A former early childhood education teacher, Nkechy Ezeh was determined to improve access to early childhood education for vulnerable children in Grand Rapids, Michigan.
“I noticed that they were coming to preschool not ready, and I noticed there was not enough opportunity for them in the City of Grand Rapids” said Ezeh, an education professor at Aquinas College who also serves as director of Aquinas’ Early Childhood Education Program. “I noticed there wasn’t anyone really making an effort to service these children.”
With support from the W.K. Kellogg Foundation, Ezeh began her research, collecting data that proved her hypothesis: 83 percent of students in communities without access to quality preschool were not prepared for kindergarten.
By 2011, Ezeh led the creation of the Early Learning Neighborhood Collaborative (ELNC), a coalition of community organizations dedicated to providing children in underserved communities with high-quality early education systems. ELNC mapped Grand Rapids’ neighborhoods without preschools and began working to reverse the trend, finding and renovating area facilities to serve as schools. In 2014, Ezeh was also named a fellow as part of the W.K. Kellogg Foundation’s Community Leadership Network.
“Parents wanted a preschool in their neighborhood and they didn’t want to have their child going 45 minutes out their way to another preschool,” said Ezeh, now ELNC’s CEO.
There are now 423 students like Arlesia Pinson registered at ELNC’s seven preschools.

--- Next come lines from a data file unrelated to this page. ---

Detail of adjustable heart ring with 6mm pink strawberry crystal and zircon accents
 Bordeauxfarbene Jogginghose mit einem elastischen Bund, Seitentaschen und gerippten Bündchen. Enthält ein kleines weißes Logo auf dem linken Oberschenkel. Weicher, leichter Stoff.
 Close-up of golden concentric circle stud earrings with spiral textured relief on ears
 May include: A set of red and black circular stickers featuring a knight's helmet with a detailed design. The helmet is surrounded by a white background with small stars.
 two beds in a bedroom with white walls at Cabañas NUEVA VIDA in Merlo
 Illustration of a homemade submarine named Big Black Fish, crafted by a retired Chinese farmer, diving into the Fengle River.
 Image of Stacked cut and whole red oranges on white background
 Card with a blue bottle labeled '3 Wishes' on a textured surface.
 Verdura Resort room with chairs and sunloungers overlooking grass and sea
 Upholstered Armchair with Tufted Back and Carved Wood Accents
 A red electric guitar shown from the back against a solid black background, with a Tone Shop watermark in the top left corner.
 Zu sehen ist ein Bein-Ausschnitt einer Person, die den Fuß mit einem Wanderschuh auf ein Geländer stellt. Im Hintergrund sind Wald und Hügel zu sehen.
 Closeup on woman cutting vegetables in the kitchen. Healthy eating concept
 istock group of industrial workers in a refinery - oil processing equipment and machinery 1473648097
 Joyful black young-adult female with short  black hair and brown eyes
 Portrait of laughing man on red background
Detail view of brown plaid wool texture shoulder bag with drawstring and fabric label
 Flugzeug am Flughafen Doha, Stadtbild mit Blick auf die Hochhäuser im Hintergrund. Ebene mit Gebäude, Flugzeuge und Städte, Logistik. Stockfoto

Arlesia’s parents, Charles and Lisa Pinson, of Grand Rapids, said it was important to find a preschool with a diverse staff and student body after Arlesia was called racial slurs by classmates at her previous school.
“This school was more diverse and well-rounded,” Charles Pinson said about ELNC’s Early Learning Center. “I liked how they made each child feel special.”
Lisa Pinson said Arelsia, now in kindergarten, learned numbers, how to spell and even a little bit of Spanish at school.
“Sometimes, I hear her say a word, and I go ‘where did you learn that from?’” she said. “It’s amazing.”
Ezeh said the staff at each preschool is reflective of the diverse student population, which includes African-American, Latino and white children.
“Our preschools are unique,” said Ezeh, who has a master’s degree in early early childhood education. “We try to make sure that the staffing matches the neighborhood. We make sure it’s culturally relevant and it’s place-based.”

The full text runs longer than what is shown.